Your friend in learning IT audit Digital transformation advocate a-pat-on-your-shoulder storyteller

22 Nov 2021

UNDERSTANDING WHAT TRULY MATTERS

  • November 22, 2021
  • by Nur Imroatun Sholihat

image source: gene.com

(For weeks, I wrote a bunch of halfway done writings and can finish nothing so I am beyond happy to finally be able to publish one.)


When I was in the period of entering senior high school, my dad said something to me who just learned to ride a motorcycle: “Don’t rush on the road. What you are after, Im, that you need to speeding?”. He said that too many times as if I couldn’t truly comprehend it by hearing it once. Indeed my dad agreed with the Javanese proverb: alon-alon waton kelakon (I don’t even know how to translate this saying hihihi. The closest I could come up with are the phrases ‘slowly but surely', ‘what’s the hurry?’ or ‘wise men are never in a hurry' depending on which aspect we want to emphasize.)

 

What you are after, Im, that you need to speeding?
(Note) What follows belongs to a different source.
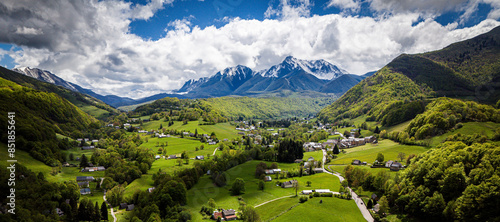 Panorama et vallée des Pyrénées photo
Someone good-looking a couple of meters ahead of me maybe? *eh *joking

 

(If a good-looking man is a few meters ahead then I will not speed my motorcycle up. I will just scream “Hey could you please stop? You dropped something behind.” *hmmm I mean you dropped my heart :p *stop it, Im, you are getting crazy.)

 

Okay back to the topic. As time went by, I realized that besides telling me to be careful, my dad secretly taught me to embody self-awareness—to fully understand the reason to act a certain way. He covertly advised me to think deeper--acknowledge what truly matters to me and prioritize it. That I must be cognizant of something I want to put my effort into and struggle for. In that “don’t rush” case, my dad’s hidden message is that there is something much more important than arriving at my destination early/on time: safety. I should always mindfully get my priorities straight and when it is decided, should be treated on top of anything else. In short: no matter how eager I am to arrive early (or to save time by shortening the trip duration), I need to take care of my safety first.  

 

It took me years to realize that I can put that advice in a universal context. Whenever I feel confused, all I need to do is ask myself that “What you are after?” question. I have to search for the answer within myself regarding what I truly care about. This searching process itself is essential for someone like me who intensely puts my all into the things I consider priorities. I must check whether my priority list sorts everything properly and appropriately. Because I don’t want to spend my resource on something I shouldn’t be consumed by, I need to recognize the direction of the life I want to have.

 

Talking about that topic, I remember when I (virtually) met my pre-departure training friends for the first time, I instantly found their red threads. They represented people who advocated issues they cared about. Their advocacies become their unique colors by which I could remember them vividly. Their eyes shined when they talked about their respective issues which make me wonder, what is that something that I can talk about with sparkling eyes. I bother myself to answer the question: what is the issue that I deep down care about? 

 

I feel like my current so-called “comfortable” situation, on top of living in such a hurried world, doesn’t let me think deeper about my north star. So I take a moment to periodically pause everything and let myself have a dialogue with a small voice inside my head to understand my purpose and assess whether what I am doing now is congruent with it. I need to keep in check whether everything that comes out from me truly represents my values—and whether there are values that I couldn’t let out because of some reasons. 

 

Because I only have one life and I want it to be meaningful. Because this is my only life and I want to be true to myself, my purpose, and my belief. I want to stay what I am, fight for what I believe, and raise my voice for the things I am concerned about.

 

In this life, I want to be brave enough to stand for the things I truly care about. And to know what truly matters, my dad’s question “what you are after, Im?” comes across my mind from time to time. 

 

Dear friends, have you ever stopped and asked yourself "what you are after?"